══ Source records ══

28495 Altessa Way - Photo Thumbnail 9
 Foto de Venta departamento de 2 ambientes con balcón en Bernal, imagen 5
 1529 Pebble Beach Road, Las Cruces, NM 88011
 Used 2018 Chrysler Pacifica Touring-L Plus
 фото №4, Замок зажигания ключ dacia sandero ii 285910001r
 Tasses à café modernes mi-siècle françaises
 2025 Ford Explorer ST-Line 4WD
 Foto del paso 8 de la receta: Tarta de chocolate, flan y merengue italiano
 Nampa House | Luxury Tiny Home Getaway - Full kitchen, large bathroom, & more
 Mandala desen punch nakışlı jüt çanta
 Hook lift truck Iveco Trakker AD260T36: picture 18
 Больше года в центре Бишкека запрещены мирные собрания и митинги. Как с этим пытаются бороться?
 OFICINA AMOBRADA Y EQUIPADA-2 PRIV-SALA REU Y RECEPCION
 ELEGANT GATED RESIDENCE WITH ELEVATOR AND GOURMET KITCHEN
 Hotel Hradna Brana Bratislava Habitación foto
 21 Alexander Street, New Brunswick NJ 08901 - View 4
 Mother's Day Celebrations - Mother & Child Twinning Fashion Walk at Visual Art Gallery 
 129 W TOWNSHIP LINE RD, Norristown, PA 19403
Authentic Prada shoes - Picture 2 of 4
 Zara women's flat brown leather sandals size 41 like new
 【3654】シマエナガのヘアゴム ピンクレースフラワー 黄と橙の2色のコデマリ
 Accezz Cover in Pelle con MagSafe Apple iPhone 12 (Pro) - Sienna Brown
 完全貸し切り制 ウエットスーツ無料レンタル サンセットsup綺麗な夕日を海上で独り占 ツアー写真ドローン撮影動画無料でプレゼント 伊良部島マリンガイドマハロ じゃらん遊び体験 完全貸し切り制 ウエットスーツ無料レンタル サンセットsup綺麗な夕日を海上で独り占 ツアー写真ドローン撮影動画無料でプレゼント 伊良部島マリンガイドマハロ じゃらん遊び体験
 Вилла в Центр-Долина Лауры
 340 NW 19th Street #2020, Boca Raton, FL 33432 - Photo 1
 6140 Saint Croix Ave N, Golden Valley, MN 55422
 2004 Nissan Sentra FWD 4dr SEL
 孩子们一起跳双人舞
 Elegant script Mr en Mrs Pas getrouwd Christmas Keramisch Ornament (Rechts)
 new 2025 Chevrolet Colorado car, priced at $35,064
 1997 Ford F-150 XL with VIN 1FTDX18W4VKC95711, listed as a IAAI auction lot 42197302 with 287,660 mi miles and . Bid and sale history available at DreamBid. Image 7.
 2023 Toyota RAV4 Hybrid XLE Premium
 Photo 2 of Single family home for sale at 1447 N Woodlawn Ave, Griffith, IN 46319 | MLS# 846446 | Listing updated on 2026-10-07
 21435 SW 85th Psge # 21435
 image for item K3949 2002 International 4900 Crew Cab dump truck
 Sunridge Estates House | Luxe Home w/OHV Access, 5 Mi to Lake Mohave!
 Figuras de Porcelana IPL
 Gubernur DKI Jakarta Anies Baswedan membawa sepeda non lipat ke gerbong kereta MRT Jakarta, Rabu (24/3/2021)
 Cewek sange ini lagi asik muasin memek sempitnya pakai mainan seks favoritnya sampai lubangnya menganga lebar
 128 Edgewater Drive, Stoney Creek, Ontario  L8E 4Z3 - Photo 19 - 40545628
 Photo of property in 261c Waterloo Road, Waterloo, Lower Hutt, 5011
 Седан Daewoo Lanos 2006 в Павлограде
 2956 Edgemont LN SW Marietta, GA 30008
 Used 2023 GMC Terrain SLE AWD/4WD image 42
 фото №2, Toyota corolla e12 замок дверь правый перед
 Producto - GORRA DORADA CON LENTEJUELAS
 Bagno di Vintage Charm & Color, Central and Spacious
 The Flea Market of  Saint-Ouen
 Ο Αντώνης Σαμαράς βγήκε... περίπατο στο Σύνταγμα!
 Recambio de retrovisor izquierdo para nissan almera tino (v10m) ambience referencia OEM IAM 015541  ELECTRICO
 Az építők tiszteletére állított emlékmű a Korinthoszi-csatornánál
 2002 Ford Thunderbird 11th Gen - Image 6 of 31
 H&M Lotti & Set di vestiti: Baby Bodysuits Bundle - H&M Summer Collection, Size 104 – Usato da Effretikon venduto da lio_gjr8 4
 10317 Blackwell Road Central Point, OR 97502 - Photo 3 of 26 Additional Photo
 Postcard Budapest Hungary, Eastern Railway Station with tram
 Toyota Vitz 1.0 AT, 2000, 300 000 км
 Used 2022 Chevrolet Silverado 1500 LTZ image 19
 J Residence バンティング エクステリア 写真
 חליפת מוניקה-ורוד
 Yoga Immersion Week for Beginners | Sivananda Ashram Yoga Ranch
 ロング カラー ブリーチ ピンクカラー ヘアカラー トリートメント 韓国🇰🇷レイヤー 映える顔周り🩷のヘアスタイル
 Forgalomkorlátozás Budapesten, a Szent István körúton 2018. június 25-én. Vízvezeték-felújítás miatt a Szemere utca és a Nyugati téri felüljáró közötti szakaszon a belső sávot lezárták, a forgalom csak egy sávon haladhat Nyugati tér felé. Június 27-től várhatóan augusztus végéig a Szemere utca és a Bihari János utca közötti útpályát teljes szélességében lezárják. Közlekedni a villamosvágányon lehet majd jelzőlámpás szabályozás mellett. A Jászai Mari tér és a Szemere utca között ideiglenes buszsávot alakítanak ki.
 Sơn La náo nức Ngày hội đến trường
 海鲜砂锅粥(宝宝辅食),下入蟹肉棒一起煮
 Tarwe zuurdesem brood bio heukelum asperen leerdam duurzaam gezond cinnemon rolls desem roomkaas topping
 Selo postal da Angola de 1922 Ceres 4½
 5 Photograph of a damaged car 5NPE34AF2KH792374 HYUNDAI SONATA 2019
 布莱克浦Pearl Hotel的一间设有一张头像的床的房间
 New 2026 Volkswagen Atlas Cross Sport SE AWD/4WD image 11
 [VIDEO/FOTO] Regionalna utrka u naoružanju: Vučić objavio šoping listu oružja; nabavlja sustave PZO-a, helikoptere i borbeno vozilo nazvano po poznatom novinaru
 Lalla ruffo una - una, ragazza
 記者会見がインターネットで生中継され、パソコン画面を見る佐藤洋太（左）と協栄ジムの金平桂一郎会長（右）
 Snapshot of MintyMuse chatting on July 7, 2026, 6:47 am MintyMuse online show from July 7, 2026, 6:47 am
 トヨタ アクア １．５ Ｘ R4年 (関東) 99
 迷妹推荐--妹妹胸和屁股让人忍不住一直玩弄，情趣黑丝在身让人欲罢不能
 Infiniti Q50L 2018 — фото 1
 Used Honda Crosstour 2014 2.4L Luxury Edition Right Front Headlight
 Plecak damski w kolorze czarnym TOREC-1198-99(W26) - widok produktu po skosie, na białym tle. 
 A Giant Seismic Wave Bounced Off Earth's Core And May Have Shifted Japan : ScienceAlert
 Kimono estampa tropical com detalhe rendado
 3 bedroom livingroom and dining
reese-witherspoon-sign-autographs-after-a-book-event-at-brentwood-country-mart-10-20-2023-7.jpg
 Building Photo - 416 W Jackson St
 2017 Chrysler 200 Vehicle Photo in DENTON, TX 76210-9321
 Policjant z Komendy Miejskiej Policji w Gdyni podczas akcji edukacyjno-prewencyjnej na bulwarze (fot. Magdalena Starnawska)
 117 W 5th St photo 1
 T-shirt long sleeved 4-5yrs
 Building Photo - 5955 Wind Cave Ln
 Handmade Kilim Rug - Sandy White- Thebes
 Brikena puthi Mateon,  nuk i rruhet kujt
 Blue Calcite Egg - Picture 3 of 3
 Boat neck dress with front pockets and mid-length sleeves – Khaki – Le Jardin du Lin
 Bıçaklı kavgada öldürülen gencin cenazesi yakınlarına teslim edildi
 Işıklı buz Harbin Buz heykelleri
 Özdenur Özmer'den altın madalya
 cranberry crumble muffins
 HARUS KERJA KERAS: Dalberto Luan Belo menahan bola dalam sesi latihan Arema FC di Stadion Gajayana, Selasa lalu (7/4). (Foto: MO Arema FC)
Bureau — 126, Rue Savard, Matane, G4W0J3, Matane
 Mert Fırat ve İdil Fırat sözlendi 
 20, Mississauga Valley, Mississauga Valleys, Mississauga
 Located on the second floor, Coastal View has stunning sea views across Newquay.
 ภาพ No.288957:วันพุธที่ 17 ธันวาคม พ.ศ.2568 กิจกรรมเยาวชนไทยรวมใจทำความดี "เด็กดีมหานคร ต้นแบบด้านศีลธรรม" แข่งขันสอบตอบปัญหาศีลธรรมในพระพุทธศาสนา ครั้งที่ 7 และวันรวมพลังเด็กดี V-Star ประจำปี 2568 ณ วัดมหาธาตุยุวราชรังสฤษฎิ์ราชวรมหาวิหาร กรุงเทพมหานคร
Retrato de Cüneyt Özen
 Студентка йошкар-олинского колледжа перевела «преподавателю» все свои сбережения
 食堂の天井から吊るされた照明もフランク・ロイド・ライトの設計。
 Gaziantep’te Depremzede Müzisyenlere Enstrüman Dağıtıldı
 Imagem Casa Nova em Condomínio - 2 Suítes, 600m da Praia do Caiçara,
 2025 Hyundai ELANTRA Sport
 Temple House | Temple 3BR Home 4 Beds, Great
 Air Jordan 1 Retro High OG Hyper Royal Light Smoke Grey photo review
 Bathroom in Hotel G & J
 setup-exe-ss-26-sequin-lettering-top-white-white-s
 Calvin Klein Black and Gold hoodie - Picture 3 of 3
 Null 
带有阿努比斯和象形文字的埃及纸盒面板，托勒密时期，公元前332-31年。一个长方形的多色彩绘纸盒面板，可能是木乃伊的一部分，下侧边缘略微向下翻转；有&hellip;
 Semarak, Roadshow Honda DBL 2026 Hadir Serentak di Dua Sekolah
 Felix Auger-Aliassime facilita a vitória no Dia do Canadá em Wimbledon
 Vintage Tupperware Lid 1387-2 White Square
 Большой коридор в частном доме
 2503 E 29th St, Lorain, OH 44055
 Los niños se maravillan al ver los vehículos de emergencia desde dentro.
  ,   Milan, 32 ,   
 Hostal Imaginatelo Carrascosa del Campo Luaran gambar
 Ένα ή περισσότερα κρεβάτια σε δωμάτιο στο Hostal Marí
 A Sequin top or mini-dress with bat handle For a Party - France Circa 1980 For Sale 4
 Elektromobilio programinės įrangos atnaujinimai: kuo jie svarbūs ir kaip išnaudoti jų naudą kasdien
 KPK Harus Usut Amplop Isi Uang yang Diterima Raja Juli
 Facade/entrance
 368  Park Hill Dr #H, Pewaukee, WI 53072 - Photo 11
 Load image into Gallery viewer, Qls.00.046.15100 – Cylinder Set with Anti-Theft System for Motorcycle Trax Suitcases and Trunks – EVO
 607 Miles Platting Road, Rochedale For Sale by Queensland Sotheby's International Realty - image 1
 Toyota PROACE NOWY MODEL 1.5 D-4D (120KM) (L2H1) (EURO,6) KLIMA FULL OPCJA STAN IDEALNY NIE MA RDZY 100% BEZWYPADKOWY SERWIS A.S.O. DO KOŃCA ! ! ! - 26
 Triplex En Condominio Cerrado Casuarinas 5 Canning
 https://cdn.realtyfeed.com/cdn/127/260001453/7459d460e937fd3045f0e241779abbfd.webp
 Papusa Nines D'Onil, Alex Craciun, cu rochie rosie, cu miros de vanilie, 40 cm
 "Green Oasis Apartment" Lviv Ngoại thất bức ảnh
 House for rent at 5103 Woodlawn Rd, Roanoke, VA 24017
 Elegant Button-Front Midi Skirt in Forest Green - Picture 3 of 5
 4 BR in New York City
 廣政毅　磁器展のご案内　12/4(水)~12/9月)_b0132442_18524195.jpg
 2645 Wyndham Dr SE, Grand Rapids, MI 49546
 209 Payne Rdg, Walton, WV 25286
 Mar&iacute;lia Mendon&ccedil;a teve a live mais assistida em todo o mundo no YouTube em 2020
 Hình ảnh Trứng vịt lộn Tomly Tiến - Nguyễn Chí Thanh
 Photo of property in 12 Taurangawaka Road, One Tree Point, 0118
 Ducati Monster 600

═══

§ **What you will do**
Repeat exactly the lines above from the one with "Özdenur Özmer'den altın madalya" up to and including the one with "Mert Fırat ve İdil Fırat sözlendi". No other line belongs in the reply.

§ **Exercise answer**
 Özdenur Özmer'den altın madalya
 cranberry crumble muffins
 HARUS KERJA KERAS: Dalberto Luan Belo menahan bola dalam sesi latihan Arema FC di Stadion Gajayana, Selasa lalu (7/4). (Foto: MO Arema FC)
Bureau — 126, Rue Savard, Matane, G4W0J3, Matane
 Mert Fırat ve İdil Fırat sözlendi 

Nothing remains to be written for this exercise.